Claro que há um preço a pagar por estudar no interior, e aqui entra novamente o problema da interioridade. É mesmo na grande cidade que tudo acontece. É possível fazer um roteiro diferente todos os dias. Um dia uma exposição, outro dia um concerto. Numa noite uma ida a um bar, noutra noite uma ida a uma discoteca. Aqui a música é outra. Apesar de ser um meio universitário, contam-se pelos dedos os dias em que há eventos especiais e, à noite, as saídas resumem-se àquele bar ou àquela discoteca.

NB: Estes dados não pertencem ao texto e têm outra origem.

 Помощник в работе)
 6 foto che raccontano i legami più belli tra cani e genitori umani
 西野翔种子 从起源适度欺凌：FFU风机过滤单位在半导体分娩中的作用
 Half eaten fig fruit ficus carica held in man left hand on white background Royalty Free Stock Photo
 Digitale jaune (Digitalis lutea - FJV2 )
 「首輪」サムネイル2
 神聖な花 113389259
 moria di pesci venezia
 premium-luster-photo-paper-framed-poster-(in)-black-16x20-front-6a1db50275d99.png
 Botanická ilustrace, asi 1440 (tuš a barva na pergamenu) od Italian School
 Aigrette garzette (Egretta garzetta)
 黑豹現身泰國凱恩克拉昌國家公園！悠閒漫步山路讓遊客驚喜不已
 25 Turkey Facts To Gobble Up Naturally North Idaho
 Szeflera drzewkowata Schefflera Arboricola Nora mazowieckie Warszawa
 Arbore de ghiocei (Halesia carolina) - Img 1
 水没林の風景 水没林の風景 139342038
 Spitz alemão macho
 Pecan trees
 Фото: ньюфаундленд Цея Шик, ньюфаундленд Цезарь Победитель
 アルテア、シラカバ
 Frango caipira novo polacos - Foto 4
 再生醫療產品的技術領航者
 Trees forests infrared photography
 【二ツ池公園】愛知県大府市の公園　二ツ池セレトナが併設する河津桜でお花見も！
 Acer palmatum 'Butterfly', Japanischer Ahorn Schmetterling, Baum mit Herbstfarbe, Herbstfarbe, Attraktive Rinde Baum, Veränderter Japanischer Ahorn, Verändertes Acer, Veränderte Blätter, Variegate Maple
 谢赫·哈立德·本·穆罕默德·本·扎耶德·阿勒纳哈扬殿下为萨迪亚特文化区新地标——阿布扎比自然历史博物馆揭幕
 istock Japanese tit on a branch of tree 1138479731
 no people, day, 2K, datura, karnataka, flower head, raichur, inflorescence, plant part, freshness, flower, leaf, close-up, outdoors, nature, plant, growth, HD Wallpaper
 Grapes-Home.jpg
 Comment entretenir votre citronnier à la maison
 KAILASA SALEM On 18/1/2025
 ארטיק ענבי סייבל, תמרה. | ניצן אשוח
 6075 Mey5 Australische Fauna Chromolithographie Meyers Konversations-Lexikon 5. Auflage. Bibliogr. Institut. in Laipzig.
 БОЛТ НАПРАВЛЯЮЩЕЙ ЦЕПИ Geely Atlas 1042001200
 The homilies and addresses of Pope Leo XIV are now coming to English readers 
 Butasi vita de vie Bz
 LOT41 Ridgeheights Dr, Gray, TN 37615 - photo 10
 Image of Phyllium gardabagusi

É difícil compreender como é que num meio com tanto potencial exista tanto medo de arriscar, de abrir algo novo, de investir em mais divertimento, em mais cultura, em mais ócio.

Ainda assim, e fazendo uso do conhecido provérbio “quem não tem cão caça com gato”, até a falta do que fazer pode ser algo positivo. Aqui, todos moramos perto uns dos outros. Sucedem-se as jantaradas, os cafés, ou as sessões de cinema em casa deste ou daquela. É certo que não é fácil atrair pessoas que, chegadas à universidade, morram de amores por este estilo de vida. A Covilhã já demoveu muitos futuros licenciados e continuará a demover, pelo menos enquanto não se assumir como verdadeira cidade académica.